» **Work request**
Every line below that holds the word "style" must be listed.

Brief descriptive captions:
···

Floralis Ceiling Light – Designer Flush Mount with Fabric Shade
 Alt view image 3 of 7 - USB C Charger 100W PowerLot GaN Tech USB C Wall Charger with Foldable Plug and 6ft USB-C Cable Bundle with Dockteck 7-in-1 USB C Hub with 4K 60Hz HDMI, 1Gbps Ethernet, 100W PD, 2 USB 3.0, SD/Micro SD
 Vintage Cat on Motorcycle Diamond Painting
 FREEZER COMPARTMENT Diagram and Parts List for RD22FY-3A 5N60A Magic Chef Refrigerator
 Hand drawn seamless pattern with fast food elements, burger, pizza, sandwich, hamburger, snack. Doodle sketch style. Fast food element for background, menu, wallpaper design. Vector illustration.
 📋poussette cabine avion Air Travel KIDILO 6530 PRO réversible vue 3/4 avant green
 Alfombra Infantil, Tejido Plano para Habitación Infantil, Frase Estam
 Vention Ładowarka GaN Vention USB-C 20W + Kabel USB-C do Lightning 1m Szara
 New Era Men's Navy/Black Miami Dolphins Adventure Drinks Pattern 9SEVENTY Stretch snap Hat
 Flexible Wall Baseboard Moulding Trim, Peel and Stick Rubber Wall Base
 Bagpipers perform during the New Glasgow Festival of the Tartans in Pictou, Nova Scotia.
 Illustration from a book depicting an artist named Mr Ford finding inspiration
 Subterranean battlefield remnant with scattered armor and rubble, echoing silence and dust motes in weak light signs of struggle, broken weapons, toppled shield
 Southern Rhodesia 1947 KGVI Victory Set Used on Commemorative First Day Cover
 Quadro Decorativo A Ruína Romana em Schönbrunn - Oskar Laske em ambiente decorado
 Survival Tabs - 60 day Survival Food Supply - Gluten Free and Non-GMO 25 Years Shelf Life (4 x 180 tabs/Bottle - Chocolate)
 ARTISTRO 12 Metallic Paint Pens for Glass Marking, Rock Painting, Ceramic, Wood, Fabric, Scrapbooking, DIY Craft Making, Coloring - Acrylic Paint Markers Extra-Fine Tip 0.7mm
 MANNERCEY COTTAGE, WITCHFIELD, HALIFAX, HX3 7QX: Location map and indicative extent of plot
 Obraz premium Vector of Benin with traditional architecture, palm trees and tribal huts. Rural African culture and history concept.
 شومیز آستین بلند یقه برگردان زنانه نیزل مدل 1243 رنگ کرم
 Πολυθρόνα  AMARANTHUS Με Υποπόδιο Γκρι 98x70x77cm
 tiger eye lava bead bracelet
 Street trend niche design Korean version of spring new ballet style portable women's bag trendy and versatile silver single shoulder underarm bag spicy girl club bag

···

» **Answer to the problem**
 Hand drawn seamless pattern with fast food elements, burger, pizza, sandwich, hamburger, snack. Doodle sketch style. Fast food element for background, menu, wallpaper design. Vector illustration.
 Street trend niche design Korean version of spring new ballet style portable women's bag trendy and versatile silver single shoulder underarm bag spicy girl club bag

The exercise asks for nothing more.